Supplied entries:
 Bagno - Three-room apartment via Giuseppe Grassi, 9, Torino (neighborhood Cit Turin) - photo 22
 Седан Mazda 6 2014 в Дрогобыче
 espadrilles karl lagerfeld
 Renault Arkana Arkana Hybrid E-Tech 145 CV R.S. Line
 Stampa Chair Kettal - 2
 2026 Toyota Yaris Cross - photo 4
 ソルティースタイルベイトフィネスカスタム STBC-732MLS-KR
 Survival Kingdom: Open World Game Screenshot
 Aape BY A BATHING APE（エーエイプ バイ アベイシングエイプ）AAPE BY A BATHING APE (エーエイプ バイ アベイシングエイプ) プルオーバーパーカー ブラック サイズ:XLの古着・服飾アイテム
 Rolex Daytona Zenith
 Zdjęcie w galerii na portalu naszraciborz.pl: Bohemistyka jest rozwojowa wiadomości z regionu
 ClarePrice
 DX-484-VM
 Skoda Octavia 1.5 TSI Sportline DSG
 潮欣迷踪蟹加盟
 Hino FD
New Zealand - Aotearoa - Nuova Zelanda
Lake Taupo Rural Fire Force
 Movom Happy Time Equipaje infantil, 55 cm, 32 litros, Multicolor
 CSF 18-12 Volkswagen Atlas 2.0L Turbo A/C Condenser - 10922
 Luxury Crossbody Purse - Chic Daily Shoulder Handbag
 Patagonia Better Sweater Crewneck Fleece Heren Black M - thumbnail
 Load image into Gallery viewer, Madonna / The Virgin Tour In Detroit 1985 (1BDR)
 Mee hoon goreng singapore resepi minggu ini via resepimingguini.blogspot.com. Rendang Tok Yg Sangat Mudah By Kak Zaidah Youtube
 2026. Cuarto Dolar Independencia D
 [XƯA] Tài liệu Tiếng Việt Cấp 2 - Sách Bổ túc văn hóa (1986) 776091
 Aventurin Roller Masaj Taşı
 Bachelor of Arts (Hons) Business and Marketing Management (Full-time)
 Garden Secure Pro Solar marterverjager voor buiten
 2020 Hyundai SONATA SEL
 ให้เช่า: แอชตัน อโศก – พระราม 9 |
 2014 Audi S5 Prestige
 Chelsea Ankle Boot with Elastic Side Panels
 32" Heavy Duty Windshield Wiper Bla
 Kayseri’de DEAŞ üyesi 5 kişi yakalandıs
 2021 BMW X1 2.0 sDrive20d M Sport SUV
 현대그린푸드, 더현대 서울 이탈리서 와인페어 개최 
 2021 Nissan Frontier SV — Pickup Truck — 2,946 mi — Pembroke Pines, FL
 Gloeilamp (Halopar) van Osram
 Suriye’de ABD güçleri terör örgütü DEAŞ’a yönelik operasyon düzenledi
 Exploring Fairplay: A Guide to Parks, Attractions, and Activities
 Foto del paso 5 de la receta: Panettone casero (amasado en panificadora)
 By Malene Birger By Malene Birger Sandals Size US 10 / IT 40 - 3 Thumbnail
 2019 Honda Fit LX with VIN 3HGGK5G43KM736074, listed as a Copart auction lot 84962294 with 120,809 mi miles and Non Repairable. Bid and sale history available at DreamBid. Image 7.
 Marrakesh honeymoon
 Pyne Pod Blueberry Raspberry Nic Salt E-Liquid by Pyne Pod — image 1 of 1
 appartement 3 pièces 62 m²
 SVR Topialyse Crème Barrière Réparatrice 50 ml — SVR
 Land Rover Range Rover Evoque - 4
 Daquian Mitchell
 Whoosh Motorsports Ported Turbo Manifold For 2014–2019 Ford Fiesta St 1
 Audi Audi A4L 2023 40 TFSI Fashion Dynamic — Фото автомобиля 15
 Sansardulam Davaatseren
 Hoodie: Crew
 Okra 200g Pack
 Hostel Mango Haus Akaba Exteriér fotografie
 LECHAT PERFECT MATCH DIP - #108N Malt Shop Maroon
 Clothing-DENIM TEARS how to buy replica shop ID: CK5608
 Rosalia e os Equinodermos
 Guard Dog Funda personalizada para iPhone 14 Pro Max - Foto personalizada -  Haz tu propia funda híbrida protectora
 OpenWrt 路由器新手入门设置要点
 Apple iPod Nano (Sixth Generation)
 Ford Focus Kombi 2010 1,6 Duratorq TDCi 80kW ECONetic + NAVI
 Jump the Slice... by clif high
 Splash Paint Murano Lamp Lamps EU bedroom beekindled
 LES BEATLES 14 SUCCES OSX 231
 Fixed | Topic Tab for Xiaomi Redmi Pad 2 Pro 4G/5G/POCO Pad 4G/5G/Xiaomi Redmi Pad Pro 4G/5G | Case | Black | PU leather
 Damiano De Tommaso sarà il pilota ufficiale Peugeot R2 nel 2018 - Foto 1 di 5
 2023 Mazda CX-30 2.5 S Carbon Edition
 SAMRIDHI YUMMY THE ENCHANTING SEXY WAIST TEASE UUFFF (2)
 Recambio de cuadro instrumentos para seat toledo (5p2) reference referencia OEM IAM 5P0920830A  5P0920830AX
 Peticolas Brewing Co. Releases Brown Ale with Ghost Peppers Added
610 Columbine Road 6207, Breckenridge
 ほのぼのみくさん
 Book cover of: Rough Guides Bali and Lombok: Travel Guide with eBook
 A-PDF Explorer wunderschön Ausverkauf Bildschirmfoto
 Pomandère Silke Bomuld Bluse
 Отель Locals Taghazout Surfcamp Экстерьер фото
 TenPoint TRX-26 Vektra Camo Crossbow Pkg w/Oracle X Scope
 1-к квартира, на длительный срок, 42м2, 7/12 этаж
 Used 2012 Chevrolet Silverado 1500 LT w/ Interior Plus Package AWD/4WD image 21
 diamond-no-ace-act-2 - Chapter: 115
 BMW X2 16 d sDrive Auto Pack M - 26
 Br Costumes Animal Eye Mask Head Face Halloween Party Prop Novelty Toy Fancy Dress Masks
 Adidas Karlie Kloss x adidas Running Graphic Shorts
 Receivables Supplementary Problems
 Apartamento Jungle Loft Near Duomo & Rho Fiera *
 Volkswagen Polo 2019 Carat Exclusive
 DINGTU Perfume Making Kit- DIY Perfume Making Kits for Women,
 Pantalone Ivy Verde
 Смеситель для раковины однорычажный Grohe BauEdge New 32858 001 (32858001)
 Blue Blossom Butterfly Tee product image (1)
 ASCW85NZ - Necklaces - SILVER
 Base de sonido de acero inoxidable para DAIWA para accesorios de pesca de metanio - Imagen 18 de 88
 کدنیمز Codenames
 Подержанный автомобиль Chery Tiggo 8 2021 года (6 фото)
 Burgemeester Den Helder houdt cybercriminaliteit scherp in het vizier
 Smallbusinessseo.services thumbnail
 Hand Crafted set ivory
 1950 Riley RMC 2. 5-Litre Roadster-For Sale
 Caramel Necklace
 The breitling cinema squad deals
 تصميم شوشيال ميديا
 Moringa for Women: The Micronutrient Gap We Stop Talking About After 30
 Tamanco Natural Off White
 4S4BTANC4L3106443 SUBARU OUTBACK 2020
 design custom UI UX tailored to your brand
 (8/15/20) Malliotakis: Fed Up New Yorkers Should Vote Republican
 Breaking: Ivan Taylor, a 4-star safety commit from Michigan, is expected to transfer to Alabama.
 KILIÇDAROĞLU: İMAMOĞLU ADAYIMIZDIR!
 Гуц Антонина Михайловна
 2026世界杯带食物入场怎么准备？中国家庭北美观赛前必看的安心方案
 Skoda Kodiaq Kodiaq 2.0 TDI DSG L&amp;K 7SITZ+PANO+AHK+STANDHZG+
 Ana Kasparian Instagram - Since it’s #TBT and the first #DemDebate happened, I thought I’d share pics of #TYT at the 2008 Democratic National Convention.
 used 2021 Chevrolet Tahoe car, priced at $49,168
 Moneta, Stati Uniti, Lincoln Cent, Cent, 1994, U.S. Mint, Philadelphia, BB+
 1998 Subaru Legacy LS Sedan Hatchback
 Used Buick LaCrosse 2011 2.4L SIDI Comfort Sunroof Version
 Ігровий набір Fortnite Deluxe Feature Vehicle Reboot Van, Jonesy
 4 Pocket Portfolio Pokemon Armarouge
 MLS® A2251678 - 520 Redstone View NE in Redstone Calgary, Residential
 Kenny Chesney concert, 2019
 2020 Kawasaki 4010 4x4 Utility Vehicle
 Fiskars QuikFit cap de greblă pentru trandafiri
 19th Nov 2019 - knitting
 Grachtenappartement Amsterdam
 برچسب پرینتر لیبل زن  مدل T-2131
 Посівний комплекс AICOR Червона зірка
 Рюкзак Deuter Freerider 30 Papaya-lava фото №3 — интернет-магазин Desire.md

Task directions: From the line holding "espadrilles karl lagerfeld" to the line holding "Rolex Daytona Zenith", inclusive, restate each line above exactly as written.

Answer below:
 espadrilles karl lagerfeld
 Renault Arkana Arkana Hybrid E-Tech 145 CV R.S. Line
 Stampa Chair Kettal - 2
 2026 Toyota Yaris Cross - photo 4
 ソルティースタイルベイトフィネスカスタム STBC-732MLS-KR
 Survival Kingdom: Open World Game Screenshot
 Aape BY A BATHING APE（エーエイプ バイ アベイシングエイプ）AAPE BY A BATHING APE (エーエイプ バイ アベイシングエイプ) プルオーバーパーカー ブラック サイズ:XLの古着・服飾アイテム
 Rolex Daytona Zenith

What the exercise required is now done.